US President Joe Biden, back from a high-stakes trip to Europe focused on Russia’s war against Ukraine, hosts the prime minister of Singapore Tuesday in a chance to address crucial US challenges across Asia.
Prime Minister Lee Hsien Loong will meet Biden in the Oval Office at 10.35am (1435 GMT), and the two leaders will later make a joint media appearance.
The get-together will hand Biden a welcome opportunity to delve into Washington’s long-touted “pivot to Asia.”
“We are very happy” to host Lee, a senior US official said, “because we believe that the US-Singapore strategic partnership is extremely strong and valuable to both countries, and it has supported peace and prosperity throughout the Indo-Pacific.”

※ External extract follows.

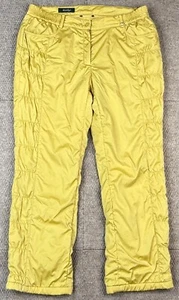 Wolsey Men's Quilted Pants Made In Korea Size 34 (Actual 30x25) - Picture 1 of 14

The Biden administration has repeatedly characterised the Asia-Pacific region, and particularly the rise of communist China, as the number one strategic issue for the US.
The world’s two biggest economies are at loggerheads over trade, human rights and, more broadly, what Biden often portrays as a defining struggle in the 21st century between the globe’s autocracies and democracies.
But concerns about China have been pushed to the back burner by the emergency in Europe, where Russia’s military is in its second month of attacking neighbouring, pro-Western Ukraine in a crisis more reminiscent of the Cold War.
Even the alarming acceleration of North Korea’s nuclear programme – including testing an intercontinental ballistic missile last week – has been overshadowed by Russian President Vladimir Putin’s bloody campaign.
Ukraine invasion looms
Inevitably, when Lee meets Biden, Ukraine will loom large.
Singapore announced in February it was joining other pro-Western powers in imposing sanctions on Russia, including blocking financial transactions.
The wealthy city-state rarely sanctions other countries without UN backing, but Foreign Affairs Minister Vivian Balakrishnan cited the “unprecedented gravity” of the crisis.
“The president and prime minister will be meeting at a very critical time, one in which the rules-based international order faces (an) unprecedented challenge,” the US official told reporters on condition of anonymity.
Russia’s attack on Ukraine, which Putin says he wants to “demilitarise,” has deeply shocked US allies beyond Europe, including Australia and Japan.
The US official said Putin’s shredding of international borders “poses a threat not only for Europe, but also for the Indo-Pacific.”
But while the official described Singapore and other regional powers as “stepping up,” India has pointedly refused to condemn Russia’s war, while Western officials fear China could actively help the Russians.
The White House says that when discussion turns to China, Biden will raise “efforts to ensure a free and open Indo-Pacific” – shorthand for the US-led campaign to push back against Chinese expansion into disputed waters and international sea lanes.
“The US-Singapore security partnership is very, very important to the US,” the US official said.